» **Source material**:
------------

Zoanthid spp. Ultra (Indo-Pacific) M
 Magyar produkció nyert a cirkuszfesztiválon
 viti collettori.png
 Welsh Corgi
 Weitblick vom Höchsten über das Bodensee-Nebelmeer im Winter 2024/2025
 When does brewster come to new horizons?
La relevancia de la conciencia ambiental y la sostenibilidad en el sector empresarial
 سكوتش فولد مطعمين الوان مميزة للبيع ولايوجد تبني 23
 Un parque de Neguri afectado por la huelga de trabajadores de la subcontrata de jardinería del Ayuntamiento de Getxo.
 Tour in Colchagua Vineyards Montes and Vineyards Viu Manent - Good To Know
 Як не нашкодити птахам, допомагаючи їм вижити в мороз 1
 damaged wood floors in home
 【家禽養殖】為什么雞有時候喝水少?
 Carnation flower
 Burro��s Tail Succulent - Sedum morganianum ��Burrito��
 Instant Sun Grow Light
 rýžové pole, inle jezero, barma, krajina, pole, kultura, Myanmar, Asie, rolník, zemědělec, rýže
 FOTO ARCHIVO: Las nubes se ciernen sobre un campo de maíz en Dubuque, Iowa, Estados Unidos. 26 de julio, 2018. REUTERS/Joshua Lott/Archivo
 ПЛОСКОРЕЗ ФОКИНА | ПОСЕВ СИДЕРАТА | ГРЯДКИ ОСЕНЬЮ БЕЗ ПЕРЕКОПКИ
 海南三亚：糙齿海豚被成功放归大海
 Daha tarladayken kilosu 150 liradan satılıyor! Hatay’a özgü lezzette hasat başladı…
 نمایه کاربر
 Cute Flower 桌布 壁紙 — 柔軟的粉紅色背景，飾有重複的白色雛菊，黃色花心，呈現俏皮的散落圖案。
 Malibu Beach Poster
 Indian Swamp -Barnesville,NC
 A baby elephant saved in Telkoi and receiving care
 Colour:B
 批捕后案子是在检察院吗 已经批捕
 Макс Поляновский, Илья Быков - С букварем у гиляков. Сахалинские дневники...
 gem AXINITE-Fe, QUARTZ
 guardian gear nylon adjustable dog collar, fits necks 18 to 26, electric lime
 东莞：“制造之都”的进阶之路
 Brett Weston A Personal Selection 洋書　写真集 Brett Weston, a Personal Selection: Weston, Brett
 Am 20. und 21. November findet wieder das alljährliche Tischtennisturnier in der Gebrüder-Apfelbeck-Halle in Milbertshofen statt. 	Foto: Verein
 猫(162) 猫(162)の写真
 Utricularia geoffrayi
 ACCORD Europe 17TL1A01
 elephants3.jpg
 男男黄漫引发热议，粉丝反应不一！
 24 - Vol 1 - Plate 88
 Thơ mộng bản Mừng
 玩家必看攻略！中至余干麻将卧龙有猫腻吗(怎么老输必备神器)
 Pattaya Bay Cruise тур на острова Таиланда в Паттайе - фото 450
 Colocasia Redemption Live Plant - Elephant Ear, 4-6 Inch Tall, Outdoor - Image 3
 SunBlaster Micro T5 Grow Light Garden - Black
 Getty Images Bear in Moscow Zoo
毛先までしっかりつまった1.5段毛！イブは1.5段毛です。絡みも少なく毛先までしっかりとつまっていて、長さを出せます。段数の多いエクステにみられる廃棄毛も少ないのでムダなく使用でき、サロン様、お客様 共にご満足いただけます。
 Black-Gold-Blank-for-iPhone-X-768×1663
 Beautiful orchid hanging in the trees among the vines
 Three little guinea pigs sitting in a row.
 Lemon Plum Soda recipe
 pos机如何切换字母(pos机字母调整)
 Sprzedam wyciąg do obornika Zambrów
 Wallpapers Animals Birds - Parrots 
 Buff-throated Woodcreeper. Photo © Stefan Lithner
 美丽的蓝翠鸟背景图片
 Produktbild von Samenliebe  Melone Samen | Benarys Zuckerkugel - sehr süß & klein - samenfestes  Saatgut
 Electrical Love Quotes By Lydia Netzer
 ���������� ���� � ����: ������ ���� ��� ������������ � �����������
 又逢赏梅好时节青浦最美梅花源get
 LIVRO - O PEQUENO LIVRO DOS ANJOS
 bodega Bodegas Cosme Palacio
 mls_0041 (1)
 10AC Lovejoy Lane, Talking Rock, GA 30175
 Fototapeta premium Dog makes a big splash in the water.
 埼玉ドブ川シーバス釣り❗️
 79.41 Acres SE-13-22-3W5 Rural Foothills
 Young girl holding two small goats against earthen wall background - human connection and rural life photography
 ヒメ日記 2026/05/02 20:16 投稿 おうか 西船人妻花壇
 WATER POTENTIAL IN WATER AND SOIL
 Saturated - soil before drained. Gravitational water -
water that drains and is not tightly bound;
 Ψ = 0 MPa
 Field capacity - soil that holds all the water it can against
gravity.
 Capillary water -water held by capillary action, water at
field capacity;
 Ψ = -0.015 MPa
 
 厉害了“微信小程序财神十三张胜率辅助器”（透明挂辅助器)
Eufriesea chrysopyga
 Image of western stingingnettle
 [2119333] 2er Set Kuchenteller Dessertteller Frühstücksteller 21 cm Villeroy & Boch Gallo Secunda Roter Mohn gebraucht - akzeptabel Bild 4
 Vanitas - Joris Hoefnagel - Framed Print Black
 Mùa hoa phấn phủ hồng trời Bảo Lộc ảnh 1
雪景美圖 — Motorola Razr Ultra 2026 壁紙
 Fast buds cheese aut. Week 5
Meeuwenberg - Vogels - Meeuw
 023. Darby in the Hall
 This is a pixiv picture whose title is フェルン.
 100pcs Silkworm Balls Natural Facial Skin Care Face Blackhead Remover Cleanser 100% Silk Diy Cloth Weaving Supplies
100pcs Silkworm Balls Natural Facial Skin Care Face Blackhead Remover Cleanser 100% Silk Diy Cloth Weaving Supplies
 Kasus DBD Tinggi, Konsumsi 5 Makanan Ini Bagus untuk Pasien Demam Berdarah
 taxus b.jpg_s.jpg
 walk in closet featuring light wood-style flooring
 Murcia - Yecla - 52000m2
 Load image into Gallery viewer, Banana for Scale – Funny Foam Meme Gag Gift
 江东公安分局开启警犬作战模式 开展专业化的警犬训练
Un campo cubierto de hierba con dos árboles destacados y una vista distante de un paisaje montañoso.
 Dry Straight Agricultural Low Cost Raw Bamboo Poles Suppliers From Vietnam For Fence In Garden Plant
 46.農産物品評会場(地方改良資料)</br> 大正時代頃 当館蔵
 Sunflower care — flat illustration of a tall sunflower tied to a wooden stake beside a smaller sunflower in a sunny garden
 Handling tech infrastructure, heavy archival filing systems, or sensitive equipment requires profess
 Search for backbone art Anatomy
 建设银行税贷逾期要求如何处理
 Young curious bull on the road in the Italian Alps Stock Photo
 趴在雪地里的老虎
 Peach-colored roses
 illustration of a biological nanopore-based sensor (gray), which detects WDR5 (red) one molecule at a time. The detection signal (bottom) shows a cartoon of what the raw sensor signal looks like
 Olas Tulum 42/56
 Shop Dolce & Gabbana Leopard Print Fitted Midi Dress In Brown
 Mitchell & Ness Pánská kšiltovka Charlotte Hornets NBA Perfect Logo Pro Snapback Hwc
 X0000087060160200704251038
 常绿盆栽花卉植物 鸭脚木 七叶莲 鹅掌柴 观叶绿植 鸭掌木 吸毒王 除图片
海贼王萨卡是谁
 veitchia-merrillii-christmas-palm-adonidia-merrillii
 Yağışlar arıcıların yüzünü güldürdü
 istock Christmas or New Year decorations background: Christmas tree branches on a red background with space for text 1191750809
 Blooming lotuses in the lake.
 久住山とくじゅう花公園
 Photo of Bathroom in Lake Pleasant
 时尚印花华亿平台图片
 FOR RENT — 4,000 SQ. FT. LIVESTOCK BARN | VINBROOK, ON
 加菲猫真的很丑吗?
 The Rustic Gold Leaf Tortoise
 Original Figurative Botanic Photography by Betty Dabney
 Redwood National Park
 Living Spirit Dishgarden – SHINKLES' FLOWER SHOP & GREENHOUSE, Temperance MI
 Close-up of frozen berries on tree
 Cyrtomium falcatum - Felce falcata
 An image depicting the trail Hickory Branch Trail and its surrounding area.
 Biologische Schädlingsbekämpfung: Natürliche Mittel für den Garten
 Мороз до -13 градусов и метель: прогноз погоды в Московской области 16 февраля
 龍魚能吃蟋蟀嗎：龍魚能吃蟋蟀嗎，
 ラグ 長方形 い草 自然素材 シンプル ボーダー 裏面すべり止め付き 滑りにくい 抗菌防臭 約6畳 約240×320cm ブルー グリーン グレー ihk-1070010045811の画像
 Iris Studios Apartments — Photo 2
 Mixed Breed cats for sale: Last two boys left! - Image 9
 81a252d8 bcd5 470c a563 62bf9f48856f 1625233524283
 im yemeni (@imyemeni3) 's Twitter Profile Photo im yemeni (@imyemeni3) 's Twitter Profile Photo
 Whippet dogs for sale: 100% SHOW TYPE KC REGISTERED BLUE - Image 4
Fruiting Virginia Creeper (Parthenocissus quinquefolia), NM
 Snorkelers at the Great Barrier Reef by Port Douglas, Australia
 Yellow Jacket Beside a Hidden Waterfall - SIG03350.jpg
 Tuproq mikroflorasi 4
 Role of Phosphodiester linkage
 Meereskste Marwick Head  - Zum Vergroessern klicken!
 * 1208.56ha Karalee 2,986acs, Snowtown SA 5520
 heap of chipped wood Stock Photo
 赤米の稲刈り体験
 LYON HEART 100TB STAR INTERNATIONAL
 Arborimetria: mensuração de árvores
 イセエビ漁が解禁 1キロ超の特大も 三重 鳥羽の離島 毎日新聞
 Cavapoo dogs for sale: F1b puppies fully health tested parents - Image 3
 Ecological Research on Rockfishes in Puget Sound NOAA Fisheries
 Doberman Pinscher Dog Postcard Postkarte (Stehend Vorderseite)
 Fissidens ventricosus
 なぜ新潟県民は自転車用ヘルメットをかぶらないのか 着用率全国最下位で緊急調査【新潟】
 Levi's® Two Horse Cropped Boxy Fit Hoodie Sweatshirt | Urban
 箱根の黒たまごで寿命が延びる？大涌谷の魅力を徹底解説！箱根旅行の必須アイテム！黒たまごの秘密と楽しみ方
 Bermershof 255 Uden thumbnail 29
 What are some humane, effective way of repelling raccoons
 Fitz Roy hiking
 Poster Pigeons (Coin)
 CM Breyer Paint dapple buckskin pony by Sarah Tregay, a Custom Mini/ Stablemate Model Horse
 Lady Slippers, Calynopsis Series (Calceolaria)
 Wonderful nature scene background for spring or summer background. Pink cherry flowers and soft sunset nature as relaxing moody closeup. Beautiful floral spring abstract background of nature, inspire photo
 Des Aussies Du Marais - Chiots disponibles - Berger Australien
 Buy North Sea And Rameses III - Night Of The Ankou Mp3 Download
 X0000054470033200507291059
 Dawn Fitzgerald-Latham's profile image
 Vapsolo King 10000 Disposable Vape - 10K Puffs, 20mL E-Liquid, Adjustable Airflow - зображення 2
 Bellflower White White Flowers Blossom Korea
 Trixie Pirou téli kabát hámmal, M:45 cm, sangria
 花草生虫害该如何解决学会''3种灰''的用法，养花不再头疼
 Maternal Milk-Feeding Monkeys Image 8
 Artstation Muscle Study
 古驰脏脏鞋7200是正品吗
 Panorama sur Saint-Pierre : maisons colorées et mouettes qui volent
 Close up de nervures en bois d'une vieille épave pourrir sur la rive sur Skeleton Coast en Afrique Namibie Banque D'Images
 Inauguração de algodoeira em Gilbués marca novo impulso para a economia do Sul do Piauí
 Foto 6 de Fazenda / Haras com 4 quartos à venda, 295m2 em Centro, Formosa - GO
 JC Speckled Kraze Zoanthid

------------

» **Your instructions**:
For this exercise, output exactly the lines above from the line with "im yemeni (@imyemeni3) 's Twitter Profile Photo im" to the line with "X0000054470033200507291059", counting both, and leave out the rest.

» **Response for this exercise**:
 im yemeni (@imyemeni3) 's Twitter Profile Photo im yemeni (@imyemeni3) 's Twitter Profile Photo
 Whippet dogs for sale: 100% SHOW TYPE KC REGISTERED BLUE - Image 4
Fruiting Virginia Creeper (Parthenocissus quinquefolia), NM
 Snorkelers at the Great Barrier Reef by Port Douglas, Australia
 Yellow Jacket Beside a Hidden Waterfall - SIG03350.jpg
 Tuproq mikroflorasi 4
 Role of Phosphodiester linkage
 Meereskste Marwick Head  - Zum Vergroessern klicken!
 * 1208.56ha Karalee 2,986acs, Snowtown SA 5520
 heap of chipped wood Stock Photo
 赤米の稲刈り体験
 LYON HEART 100TB STAR INTERNATIONAL
 Arborimetria: mensuração de árvores
 イセエビ漁が解禁 1キロ超の特大も 三重 鳥羽の離島 毎日新聞
 Cavapoo dogs for sale: F1b puppies fully health tested parents - Image 3
 Ecological Research on Rockfishes in Puget Sound NOAA Fisheries
 Doberman Pinscher Dog Postcard Postkarte (Stehend Vorderseite)
 Fissidens ventricosus
 なぜ新潟県民は自転車用ヘルメットをかぶらないのか 着用率全国最下位で緊急調査【新潟】
 Levi's® Two Horse Cropped Boxy Fit Hoodie Sweatshirt | Urban
 箱根の黒たまごで寿命が延びる？大涌谷の魅力を徹底解説！箱根旅行の必須アイテム！黒たまごの秘密と楽しみ方
 Bermershof 255 Uden thumbnail 29
 What are some humane, effective way of repelling raccoons
 Fitz Roy hiking
 Poster Pigeons (Coin)
 CM Breyer Paint dapple buckskin pony by Sarah Tregay, a Custom Mini/ Stablemate Model Horse
 Lady Slippers, Calynopsis Series (Calceolaria)
 Wonderful nature scene background for spring or summer background. Pink cherry flowers and soft sunset nature as relaxing moody closeup. Beautiful floral spring abstract background of nature, inspire photo
 Des Aussies Du Marais - Chiots disponibles - Berger Australien
 Buy North Sea And Rameses III - Night Of The Ankou Mp3 Download
 X0000054470033200507291059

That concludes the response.